Ammetto, la fragilità, il senso di precarietà delle cose hanno messo semi dentro me anni or sono, ben prima dell’avvento del virus: la perdita di 4 familiari in 5 anni, l’esperienza di enormi e repentini cambiamenti, mi ha fatto sentire nudo e spaventato già poco meno di un decennio fa, ha sgretolato d’un colpo alcuni pilastri su cui fondavo la certezza del mio quieto vivere, rivelandomi quanto sia facile che il granito si trasformi in polvere d’un tratto, senza preavviso alcuno. La placidità di uno specchio lagunare può erompere in tempesta all’impatto di sassolini caduti lì per caso, del resto, a me è successo di dover prima contrastare il maremoto per poi ritrovami sul fondo, e di poter contare quasi soltanto su me stesso per risalire e riscattarmi.
Anche oggi che ho trovato soluzioni a molti di quei problemi vivo sempre con la precarietà nel cuore, come se chiunque mi è caro o qualunque cosa possa sparire da un giorno all’altro, come è accaduto con mio padre, mio zio Luciano, i miei nonni: la morte spesso non dà alcun preavviso, dissolve l’anima e lascia lì un corpo freddo, idolatria del dolore nel ricordo di quel che si è stati.

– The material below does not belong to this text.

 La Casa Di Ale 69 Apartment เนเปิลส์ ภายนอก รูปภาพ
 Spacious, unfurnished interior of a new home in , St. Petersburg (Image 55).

Avevo già i miei anticorpi alla precarietà dell’esistere dunque, quando è scoppiata la pandemia, ma questo non significa che io fossi al riparo dalle altre fragilità scoperchiate dallo stato pandemico. Ci ho messo del tempo a raggiungere un parziale equilibrio emotivo che era frutto di un percorso lento, faticoso, per certi versi doloroso e, per cause diverse e svariate, il susseguirsi di lockdown, isolamento sociale e cambio di paradigma lo ha sconquassato.
Per queste ragioni ho sentito molto vicino queste pagine, nel suo ampio ventaglio di argomenti il saggio di Tronconi si inabissa anche in questi temi: il discorso diparte da una digressione sulla peste del Trecento, nella quale lo psicoanalista analizza come al tempo sia stata affrontata la minaccia del virus. L’autore vi dedica così tanto spazio che la prima parte potrebbe sembrare un’ampollosa e dotta dissertazione storica.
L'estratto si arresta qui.